Previously known as “Coconut Island” and home to but a handful of fishermen and farmers until the late 1970s, Koh Samui now receives more than a million visitors a year and produces some 250,000 tonnes of trash annually. The island’s only garbage incinerator has been broken for eight years.

Corals can reproduce either asexually through fragmentation/ budding or sexually, such as by spawning. When snorkelers or seabed walkers tread on coral, they damage the corals’ polyps, which prevents them from reproducing. Such is the deadly footprint tourists can unintentionally leave behind.

The islands of Samui, Phangan and Tao have combined coral reefs spanning over 10,000 acres. Coral reefs are some of the most diverse ecosystems on the planet, supporting more species per unit area than any other marine environment.
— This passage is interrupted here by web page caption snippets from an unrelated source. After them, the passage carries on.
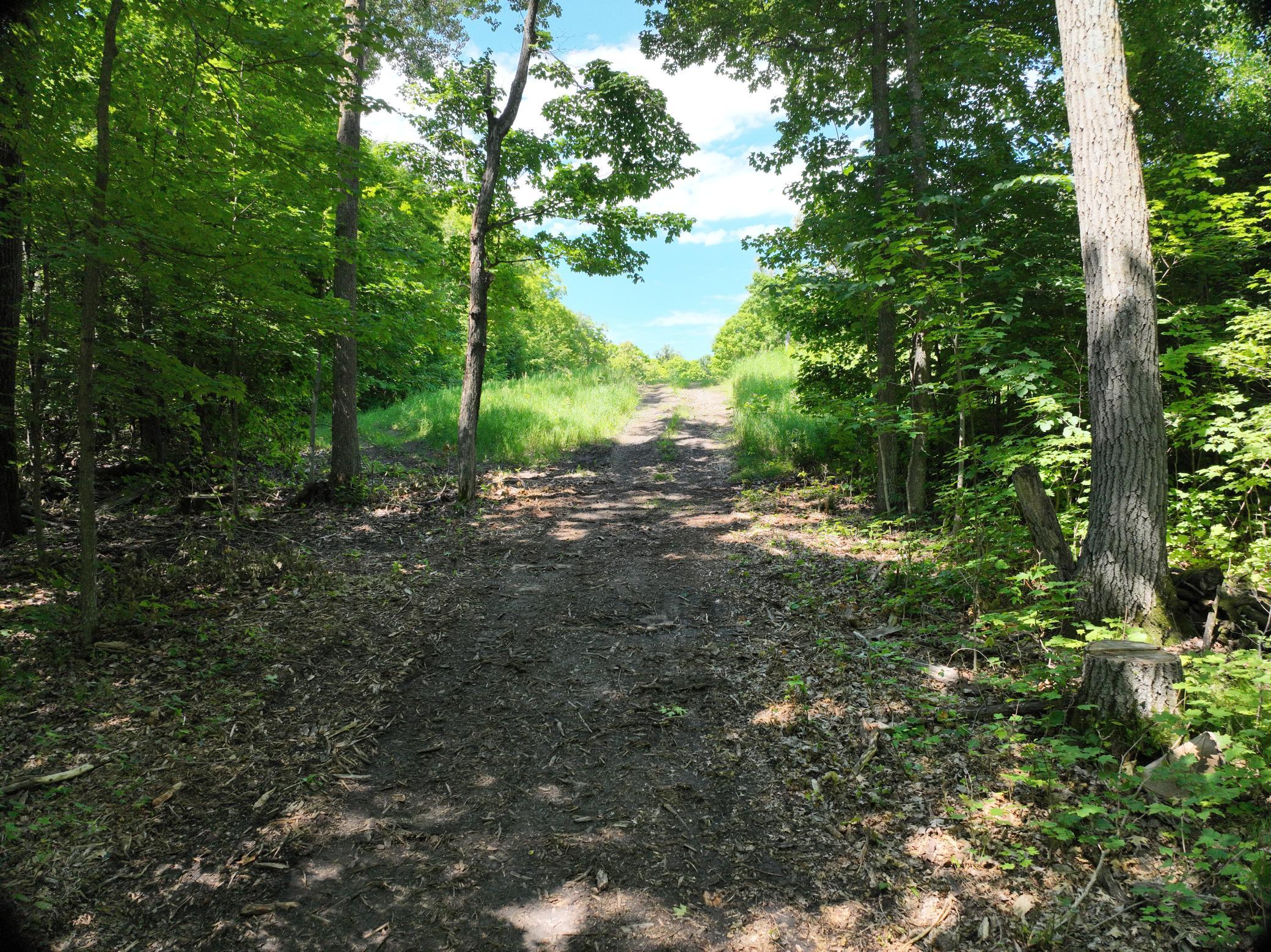 LOT 6 West Lake Olaf Road, Pelican Rapids MN 56572 - Photo 26 of 26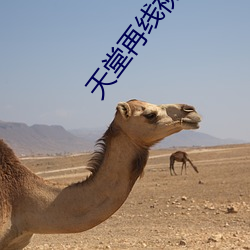 金年会 | 诚信至上金字招牌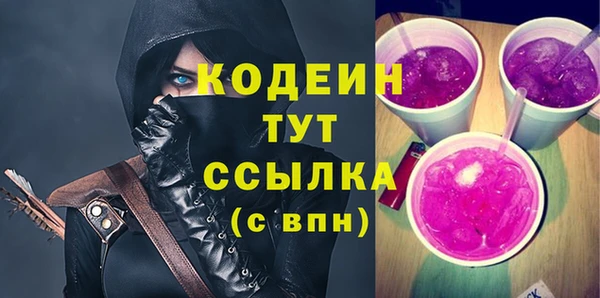молекула духа Богородицк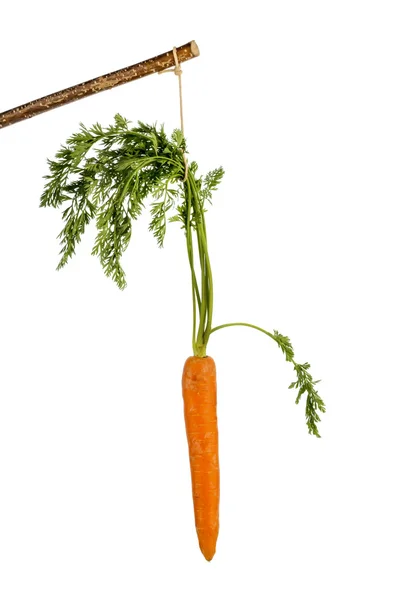 Fresh carrots on floor — Stock Photo, Image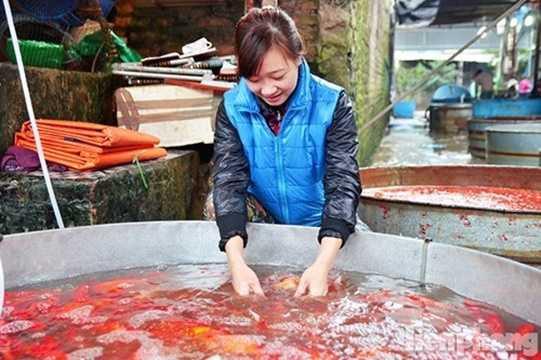 Hiện tại giá cá chép vẫn không có gì thay đổi so với năm ngoái, trung bình 50.000-70.000 đồng/kg, một tiểu thương ở chợ cho biết. Hiện tại giá cá chép vẫn không có gì thay đổi so với năm ngoái, trung bình 50.000-70.000 đồng/kg, một tiểu thương ở chợ cho biết.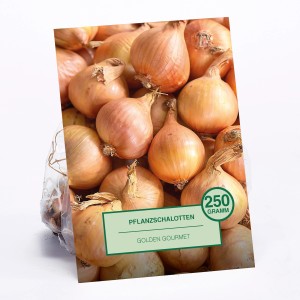 Pflanzschalotten Golden Gourmet, 250g, im Beutel. Ideal zum Anpflanzen im Garten.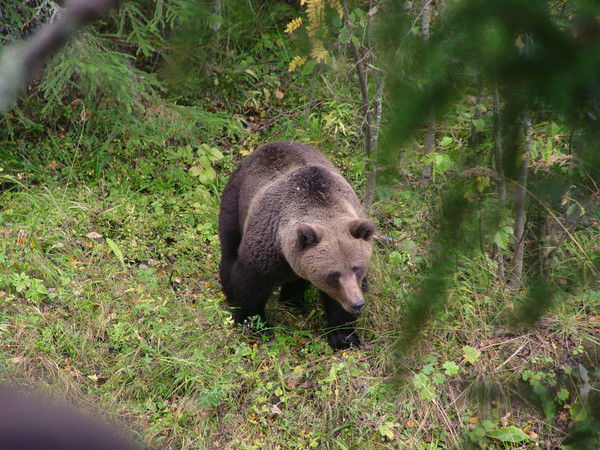 Вячеслав Колдырин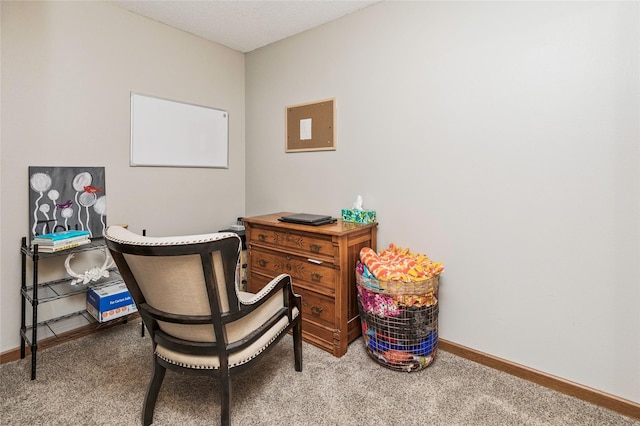 205 NE 9th St, Ankeny, IA 50021 - photo 21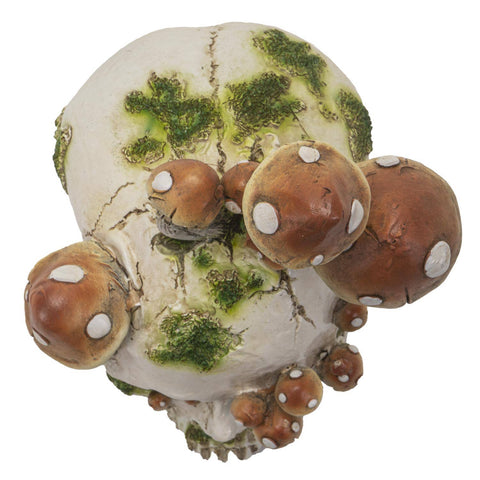 Image shows a top-down view of the skull with mushrooms and moss growing out of it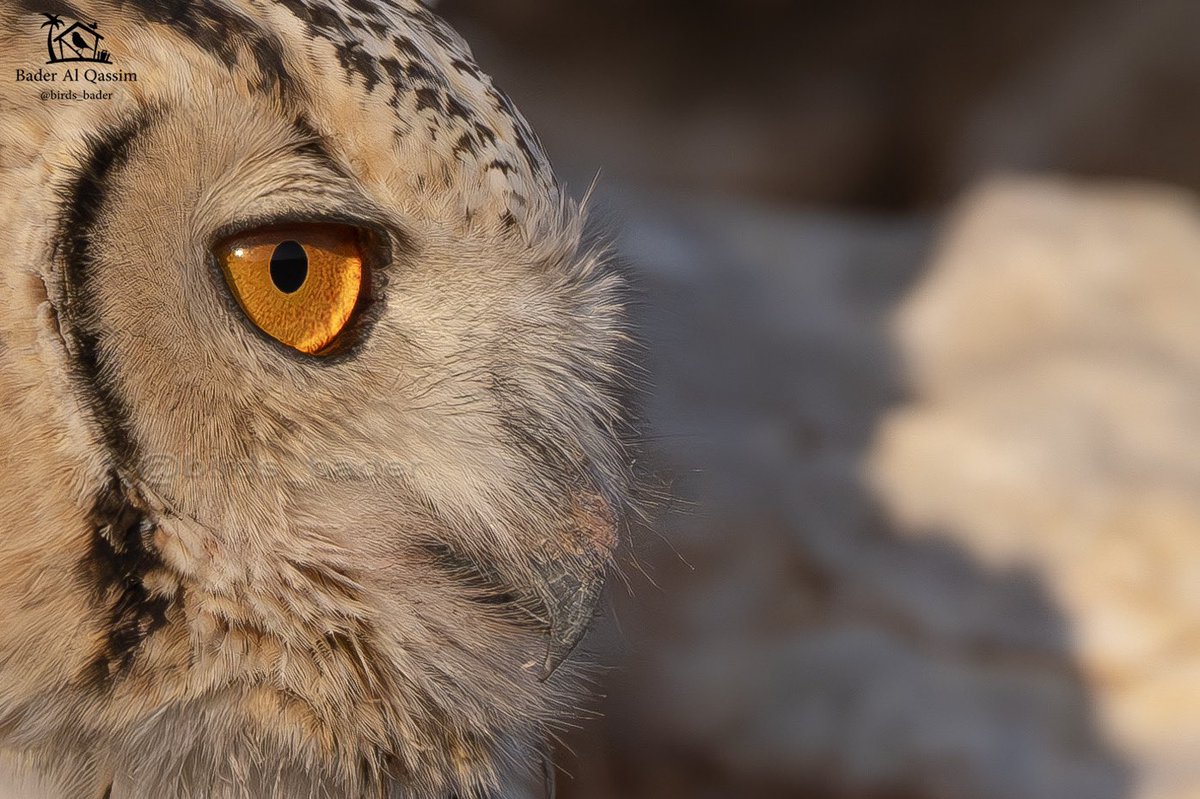 Birds_bader's tweet photo. الحالة : مقيم
الموقع : محميه الملك عبدالعزيز
بومة نسارية
Pharaoh Eagle Owl
Bubo ascalaphus
#السعودية #طيور_السعودية #PharaohEagleOwl
#birds #تصويري #saudi_birds #طيور #هشتاق_السعودية #Buboascalaphus
حساب رصدي لطيور السعودية
@Birds_bader2 https://t.co/Lw1gsmUux1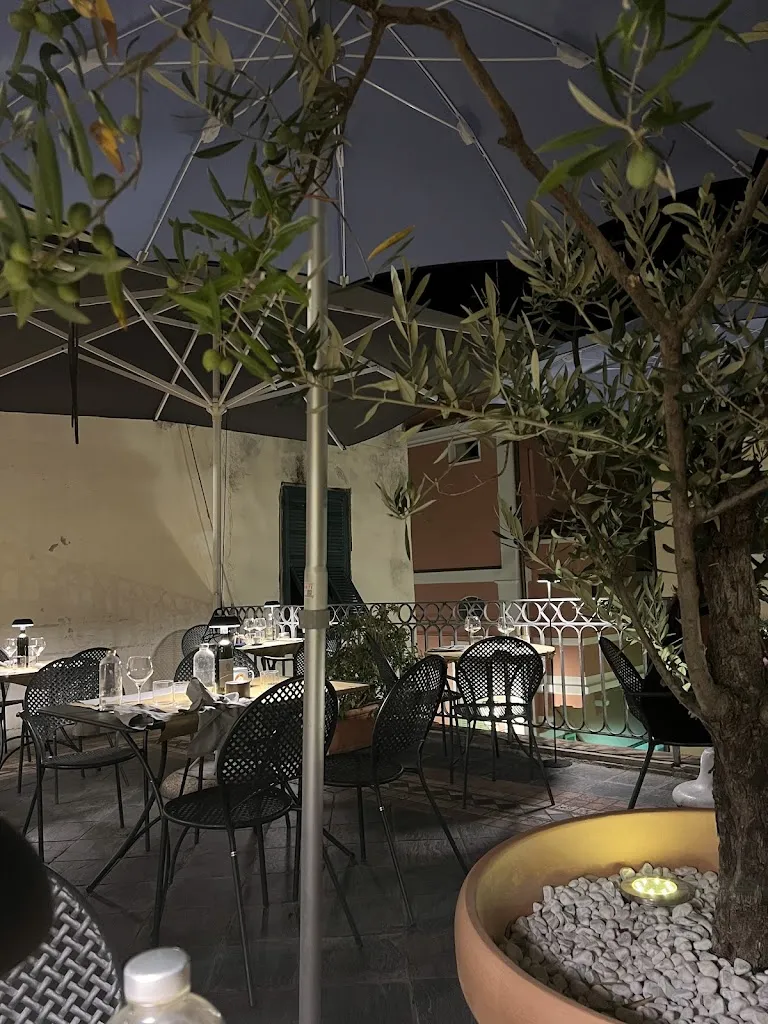 Oksana B_La Cicala_Cicala_recensione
Among the rare marine life found in the Gulf of Thailand’s sapphire-blue waters are turtles, dugongs, moray eels, reef sharks, seahorses, Irrawaddy dolphins and seven species of whale.

For now, all eyes will be focused on how rigorously the new environmental laws are enforced. Whether fisherman, tour operator or foreign backpacker, lawbreakers face stiff penalties – a maximum fine of US$3,000 and/or a one-year prison sentence.